--- Assigned task ---
Repeat all of the data word for word so that only the pictures are missing from the copy.

--- Data segment ---
Start of Block

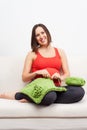 Pregnant woman sitting on sofa and crocheting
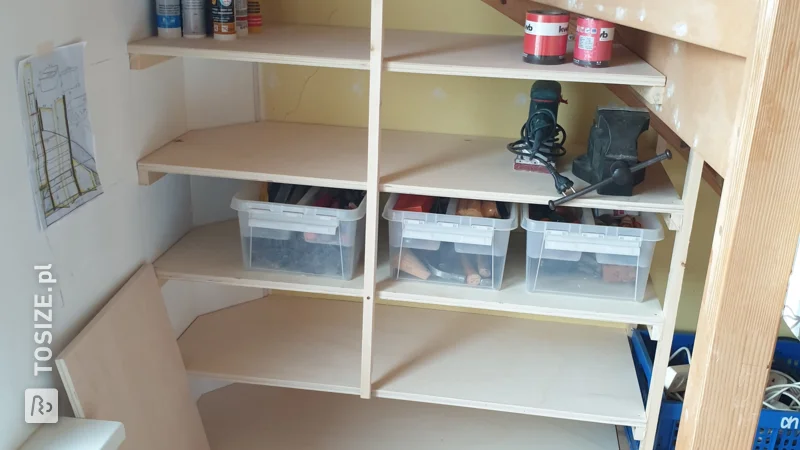 A custom tool cabinet under the stairs, by Marcel 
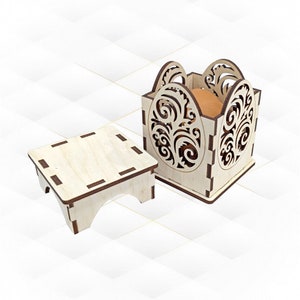 Può includere: Una scatola di legno con un design floreale decorativo e un piccolo supporto in legno. La scatola è aperta e contiene un uovo marrone all'interno.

End of Block

--- Task output ---
 Pregnant woman sitting on sofa and crocheting
 A custom tool cabinet under the stairs, by Marcel 
 Può includere: Una scatola di legno con un design floreale decorativo e un piccolo supporto in legno. La scatola è aperta e contiene un uovo marrone all'interno.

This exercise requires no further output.